SOMETIMES, when the bait trawlers have found the squid, and the late-afternoon breeze whitecaps the deepwater swells that lift the boat, then slide out from underneath the bow, dropping the hull with a watery smack ...

Sometimes, when the sun-streaked fog swallows the peaks of the mountains behind Malibu's actor's alley and the faint outline of Catalina and Santa Cruz Islands rise out of the blue horizon ...

Sometimes ... it's easy to sit back in the fighting chair, cradle the cold fruit juice between your legs, and forget that you're less than 20 miles from the urban grit and grime of metropolitan Los Angeles.

Usually, as the breeze and the waves seduce you, leaving a peaceful, salty smile upon your sunblocked lips ... usually, when you're well beyond the traffic, the asphalt-oven heat, and the rotten-fish-and-petroleum smell of the marina ... usually, the shrieking chirrrrr of the old Penn takes just a bit longer to reach in and grab adrenaline, a faint alarm in the middle of a sleepy dream, while the gentle hand of the breeze beckons you back, and the waves continue the ocean's lullaby ...

"Whatcha waitin' for, Mrs. Paul, Christmas?"

The gritty voice shatters the haze like a cold bucket of water, and with a start, you realize the reel has been singing for a few rolls of the boat, an eternity for a serious flattie fisherman.

And as you leap out of the chair, spilling fruit juice all over the stern, then lose your balance and fall to one knee on the rolling deck, out of the corner of your eye you catch the shake of the head and the teasing smile of the skipper as he watches you grab the rod, put the reel in gear, and take a menacing stance with the rod over the rail as you prepare to set the hook.

"Well thank goodness, precious.  I was starting to think you'd fallen overboard.  Say, 'bout how much longer you think before the dancin' starts?"

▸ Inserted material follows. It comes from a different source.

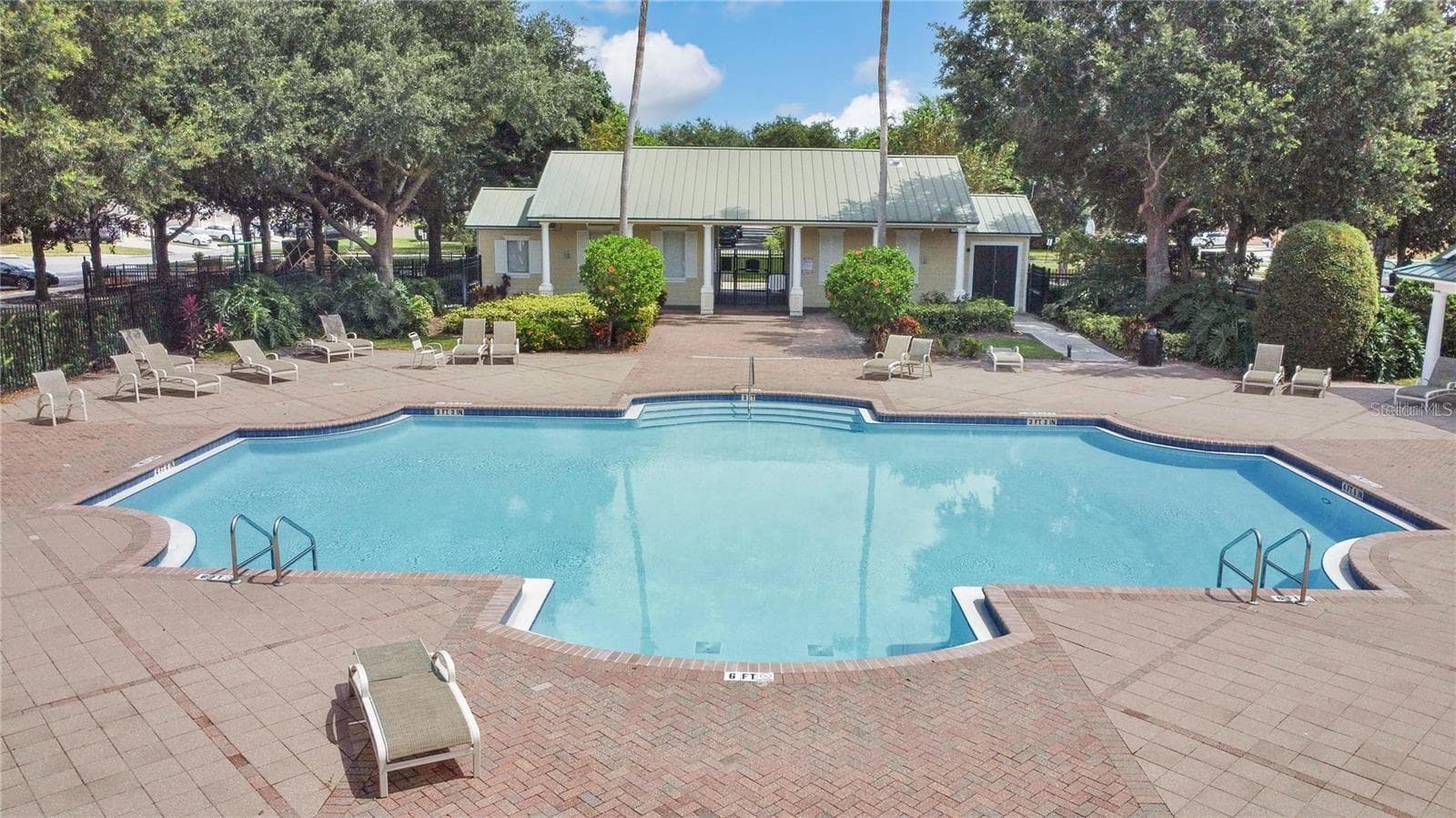 Single Family Residence at 9589 PINE LILY ST, ORLANDO, photo 166 of 170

"The hell you talkin' about?" you ask, with an exasperated look over your shoulder.

"Well, you look like you're either about to waltz with that fish or go to the bathroom.   I'm just givin' you the benefit of the doubt, seein' as you don't appear too interested in catching that thing."

And it's just as well that the fish starts pulling again, because you don't have anything quick to say in response, nothing that would keep the jawing at bay, God knows, and as you set the hook well, firmly, and feel the rod tip bend down, then flicker, then down heavy, you look over at the sun-weathered, gray-bearded skipper and flash him a grin that says: "Yeah, but I'm on."

And in a few moments, it begins.

"Sure to be a barndoor, that one, way it's pullin'," you hear as you work the reel.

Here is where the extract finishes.